*** Opening Supplied entries ***

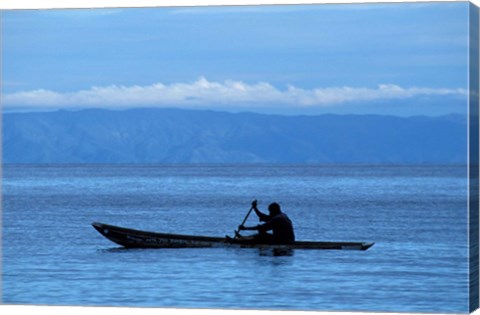 Framed Canoe on Lake Tanganyika, Tanzania Print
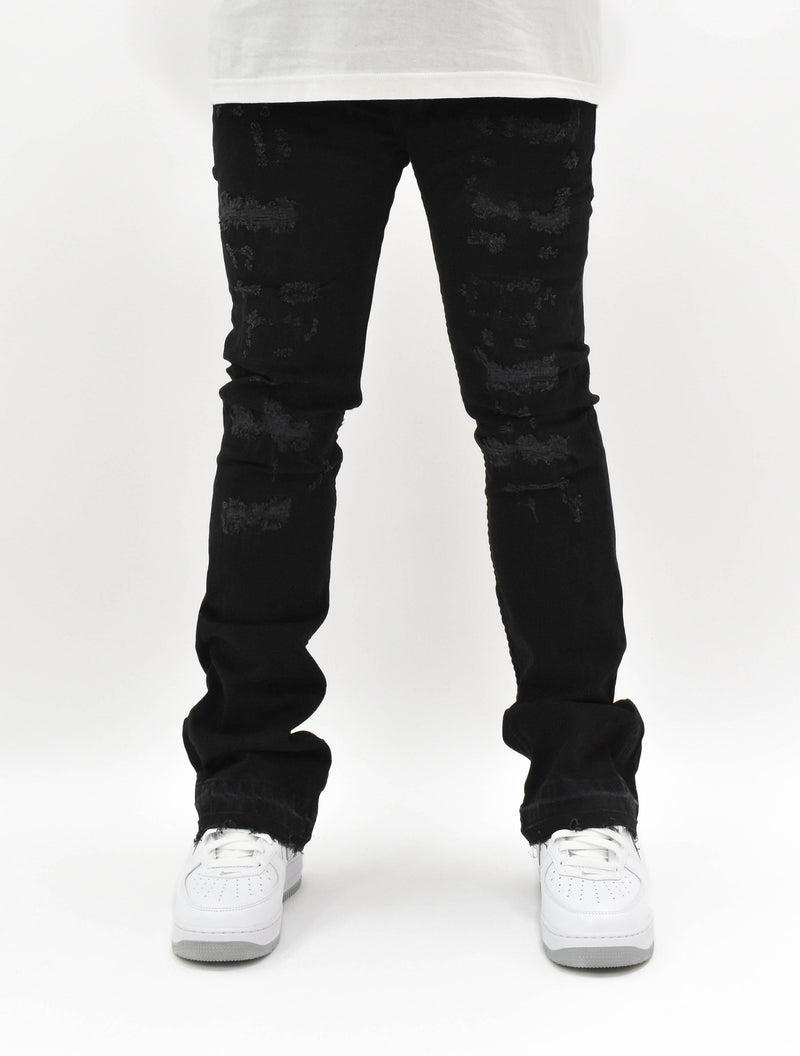 FW33893 Distressed Stacked Denim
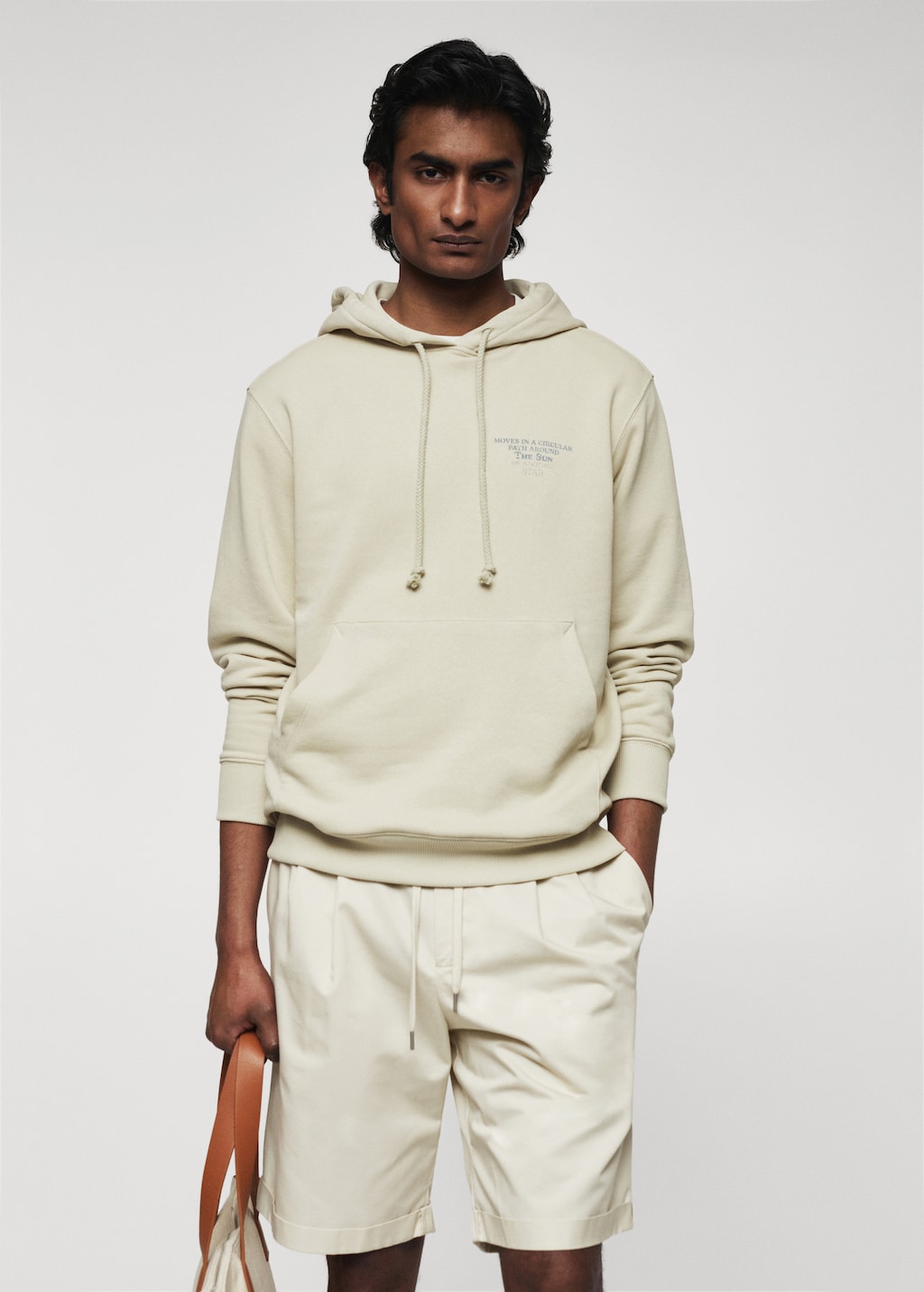 100 cotton hooded sweatshirt text Men MANGO OUTLET Greece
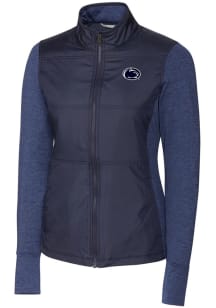 Cutter and Buck Penn State Nittany Lions Womens Navy Blue Stealth Hybrid Quilted Medium Weight J..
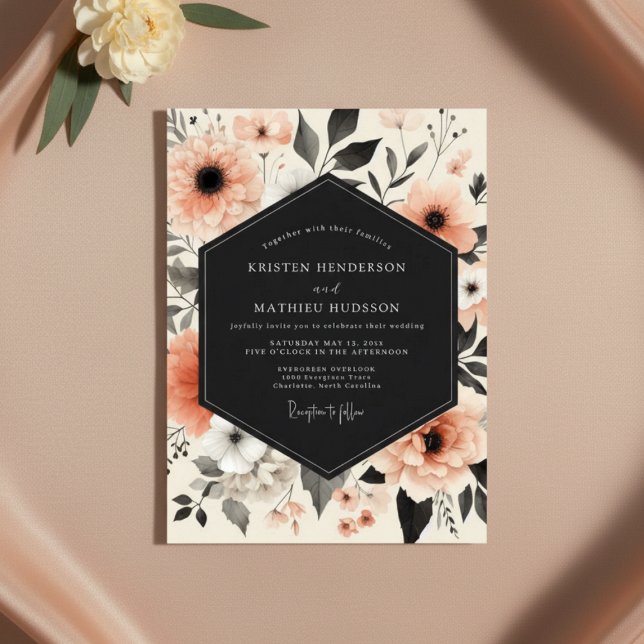 Invitation Mariage au Bois de Floraison de Pêche (Créateur téléchargé)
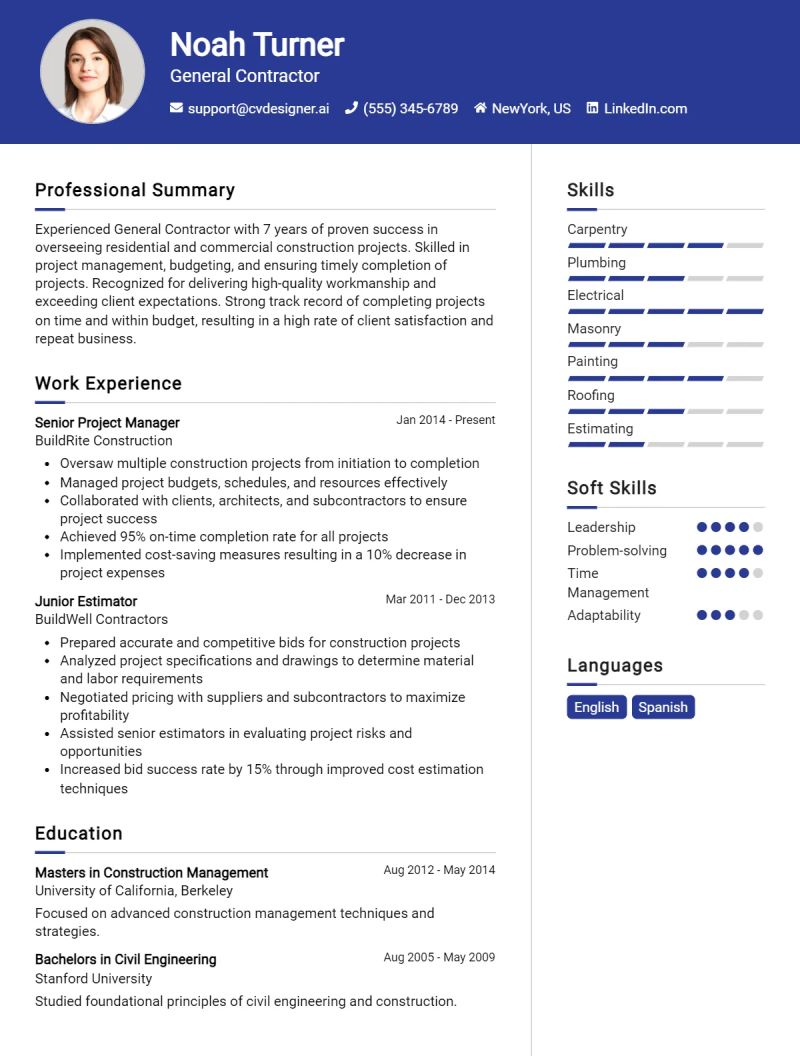 General Contractor Cv Sample Guide Entry Level Senior Jobs - Download Modern Mountain Texture | Mobile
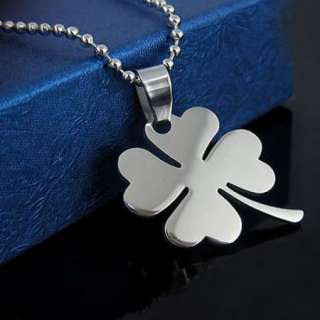 NEW FOUR LEAF CLOVER CHARM PENDANT NECKLACE CHristmas gift  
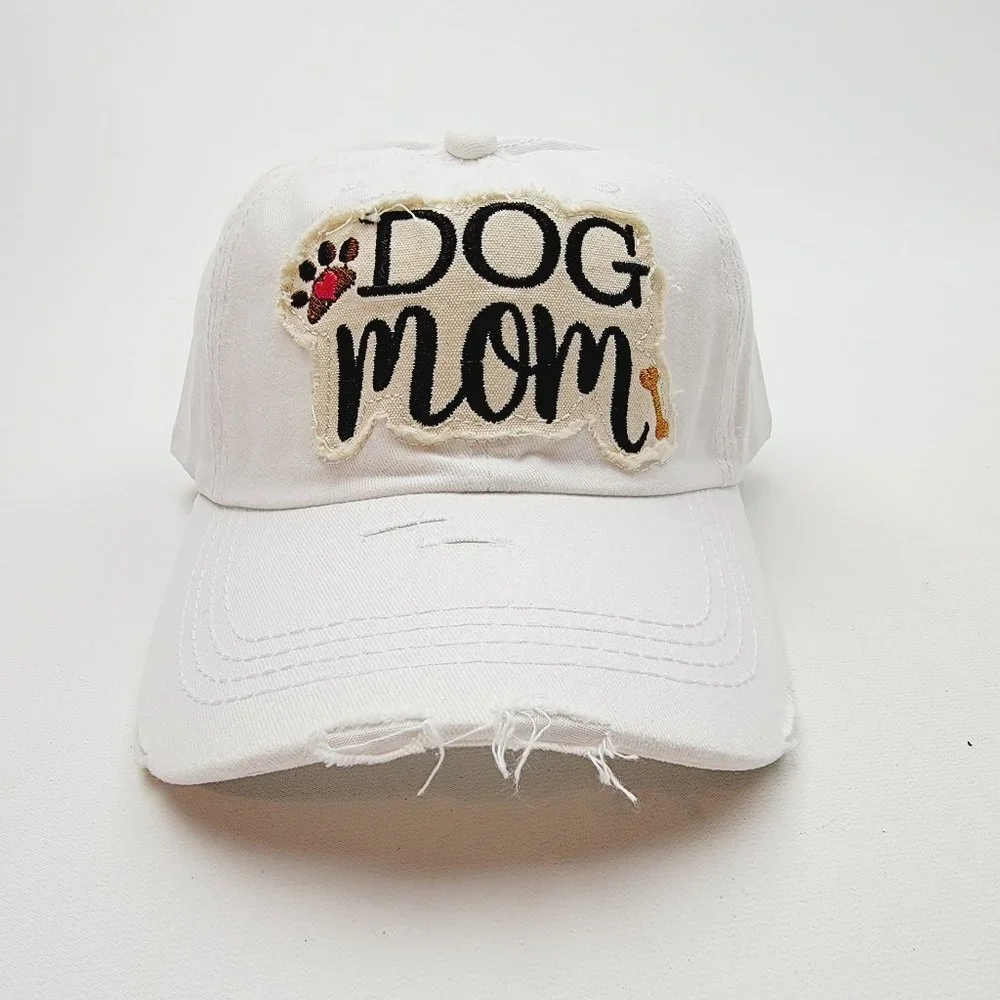 Dog Mom Distressed Relaxed Buckle Strap Full Cover Baseball Hat Cap White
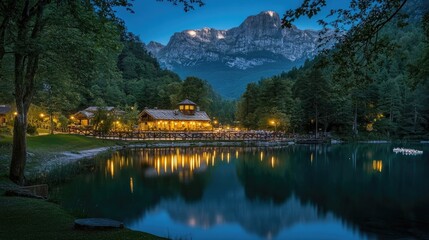 Fototapeta premium Serene Mountain Lake Resort at Dusk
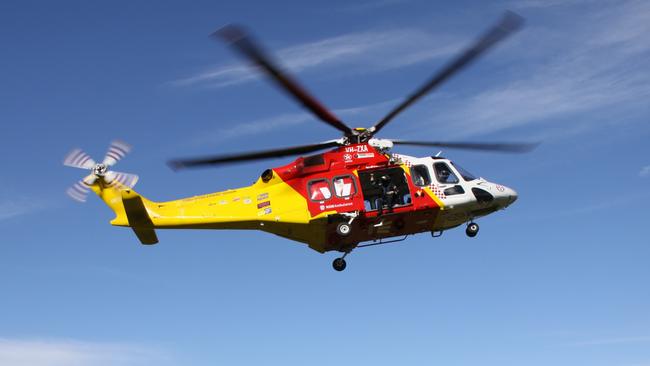 Westpac Lifesaver Rescue Helicopter was tasked to fly a man aged 87 to Gold Coast University Hospital after a head on crash at Teven in November. Picture: Alison Paterson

*** Closing Supplied entries ***

_Work to complete_: Leaving aside every picture, transcribe exactly the lines that run from the one with "General Contractor Cv" to the close of the listing above.

_Result of this exercise_:
 General Contractor Cv Sample Guide Entry Level Senior Jobs - Download Modern Mountain Texture | Mobile
 NEW FOUR LEAF CLOVER CHARM PENDANT NECKLACE CHristmas gift  
 Dog Mom Distressed Relaxed Buckle Strap Full Cover Baseball Hat Cap White
 Fototapeta premium Serene Mountain Lake Resort at Dusk
 Westpac Lifesaver Rescue Helicopter was tasked to fly a man aged 87 to Gold Coast University Hospital after a head on crash at Teven in November. Picture: Alison Paterson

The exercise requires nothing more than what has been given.